One of the main changes was the need to adapt to remote medicine through teleconsultation, something that is not always possible . “We have used the telephone in those queries that could be resolved briefly, such as results or evolutionary assessments. In no case have they been used for first consultations or doubtful situations, ”says Yolanda Escobar, medical oncologist at the Gregorio Marañón University General Hospital and coordinator of the Continuous Care Section of the Spanish Society of Medical Oncology (SEOM).

In this way, the adaptation to the pandemic caused a shift aimed at maximizing patient safety and minimizing their presence in the hospital, as far as possible. “We have made attempts to change protocols, as well as to make it easier for the patient to dispense and administer drugs,” Escobar says. On the other hand, “we have limited the number of oncology consultation companions to one, since the lack of company would be very unsettling for the patient ,” he adds.

All this situation has generated a difficulty in the follow-up of cancer patients, not to mention the suspension of surgeries and complementary tests . A chaotic situation that has motivated, in many cases, a significant change in their clinical evolution, with diagnoses in higher and less early stages, according to Esther Holgado, head of the Medical Oncology Service at Hospital La Luz.

Elisabet Hernández, a nurse at the Palliative Care Unit of the Oncology Service at the Vall d’Hebron Hospital in Barcelona, makes the same observation. “Patients have come with a high tumor load, so many have not survived or have not reached the first lines of treatment.”

The situation has resulted in a double threat for cancer patients, who have faced not only COVID-19 infection, but also cancer . “We have tried to make an oncology link with Primary Care so that patients are not afraid to go to the hospital and that they do not stay on the path of a late diagnosis of cancer, which is much more deadly”, indicates De Castro.

The role of professionals has therefore gone much further, extending humanization as much as possible in the context of telematics and virtuality. At the hospitalization level, for example, video calls have been used “to bring together people who were experiencing loneliness in their situation,” according to Hernández. Something that can only worsen the prognosis. “Loneliness greatly influenced pain, understanding that this is a symptom, but that the person is divided into multiple spheres. We have to approach everything holistically”, stresses the palliative care expert.

pain is bad medicine

In the telematic context derived from the pandemic, the psychological part has been “essential” in this process within the doctor-patient relationship. “Pain is a subjective symptom and, in the remote consultation, you only have what the person who suffers from it says.
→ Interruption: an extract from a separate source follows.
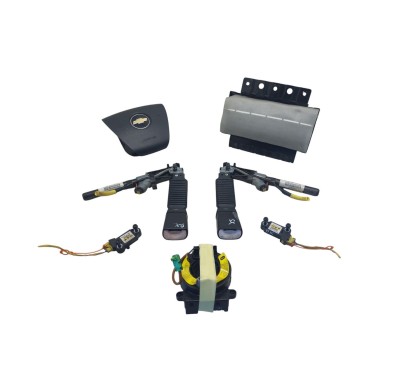 Kit Airbag Completo CHEVROLET Captiva 1° Serie - 95180711 - 796650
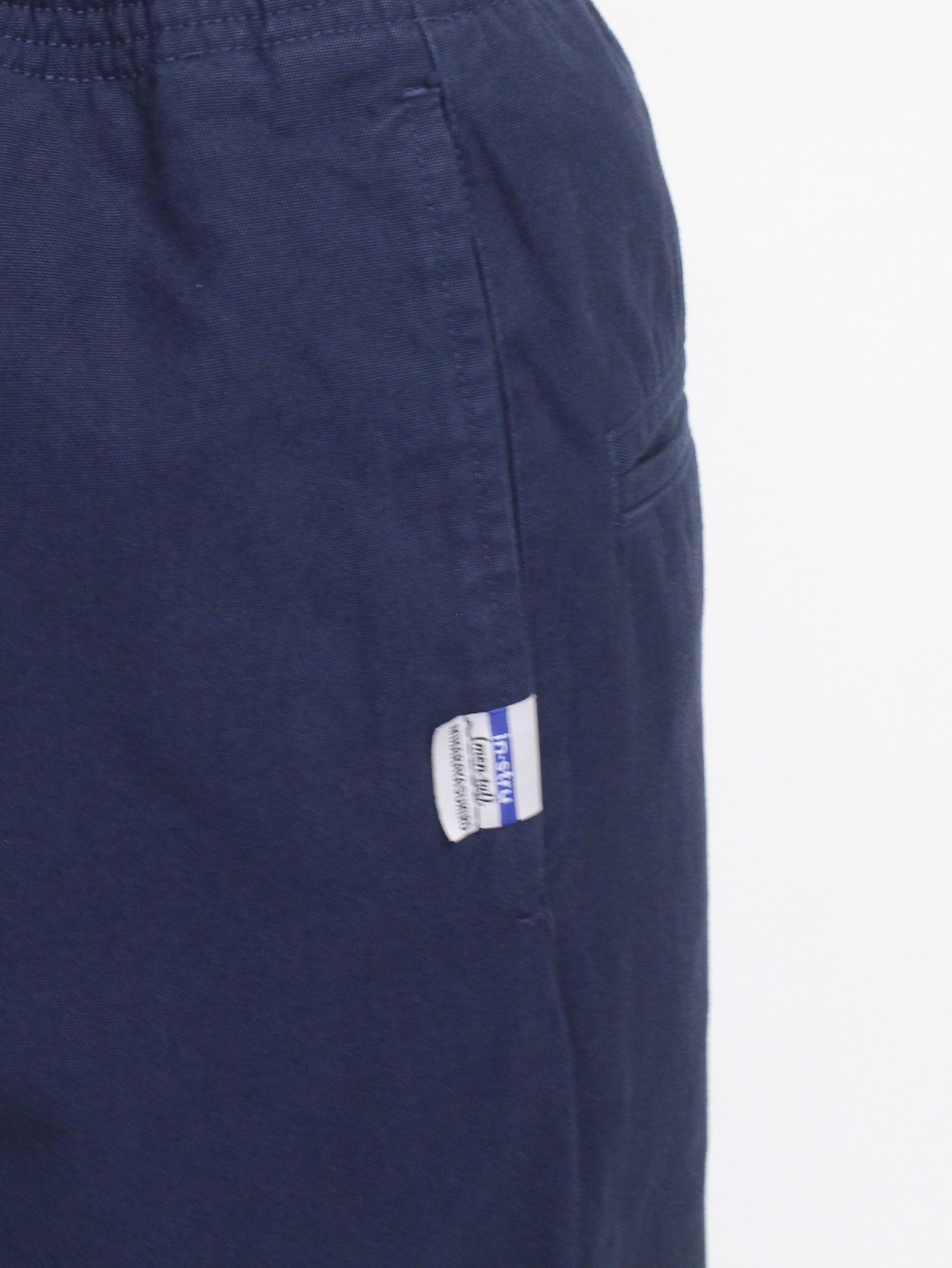 ノーサイドロングパンツ -  no side seam long pt - navy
To be able to treat it, you have to take a very extensive clinical history,” says Holgado.

The fact of not adequately alleviating pain can lead to greater dissatisfaction and lower quality of life for patients, regardless of the effectiveness of their treatment against the disease. In addition, it has been shown to influence the development of oncological pathology .

In this sense, the importance of multidisciplinary work becomes key. Nursing professionals, for example, play a fundamental role given their closeness to the patient who does not dare to say that it hurts.